Wydanie: PRESS 03-04/2020
Nie prowadzę krucjaty
Jeśli opisujesz łamanie prawa pracy u miejscowego producenta, szukaj sprzymierzeńców, choćby wśród kolegów z mediów ogólnopolskich – radzi Adriana Rozwadowska, której Amazon groził procesem.
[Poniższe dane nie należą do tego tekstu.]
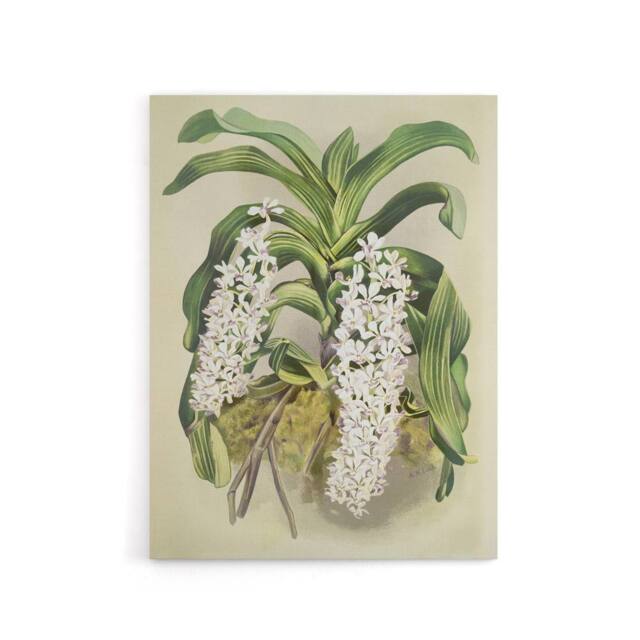 "Artery8 F Sander Saccolabium Giganteum Orchid Flowers Canvas Wall Art Print - Size: W12"" x H16""" - image 1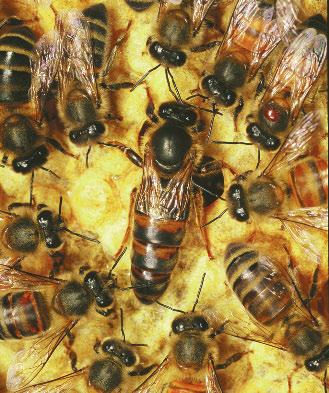 The queen is the biggest bee in the hive. She has the most important job, too. She lays eggs.
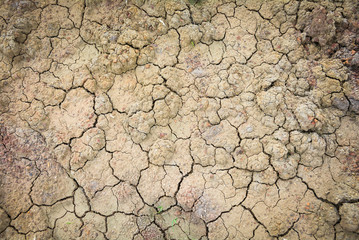 Dry soil texture of a barren land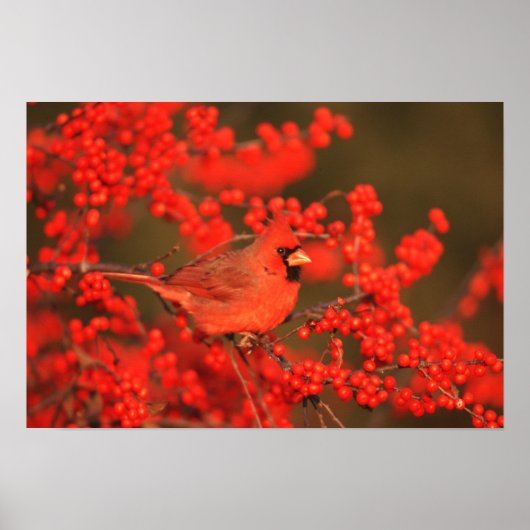 Roter Nördlicher Kardinal männlich, IL Poster (Vorne)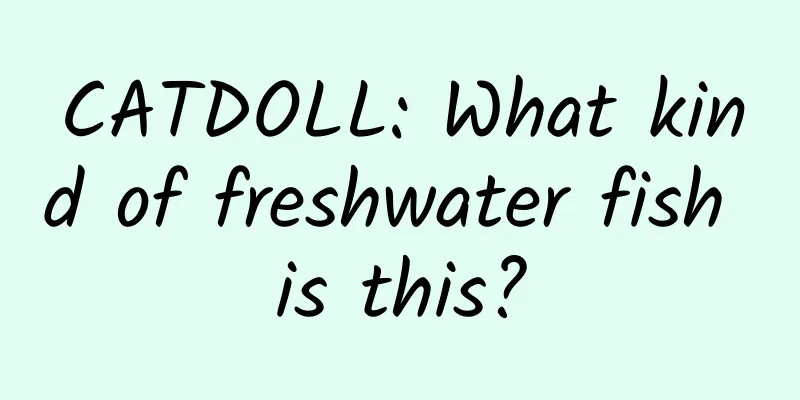 CATDOLL: What kind of freshwater fish is this?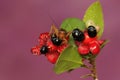 A field cricket is foraging in a mickey mouse bush flower cluster. Royalty Free Stock Photo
Nie studiowałam dziennikarstwa, nie zamierzałam zostać dziennikarką, a kiedy wpadłam na ten pomysł, zrealizowałam go w tydzień. Kończąc studia, plącząc się od stażu do stażu, byłam coraz bardziej przerażona: co praca, to głupsza. Nigdy nie zapomnę wygranej w konkursie o staż w Wielkiej Wielkopolskiej Korporacji – marzeniu wszystkich absolwentów i absolwentek – z którego miałam ochotę uciekać najdalej trzeciego dnia. „Jeśli tak ma wyglądać moje życie” – myślałam sobie – „być może należy przemyśleć sens jego dalszego trwania”. I wtedy poszłam z CV do pierwszej lokalnej redakcji.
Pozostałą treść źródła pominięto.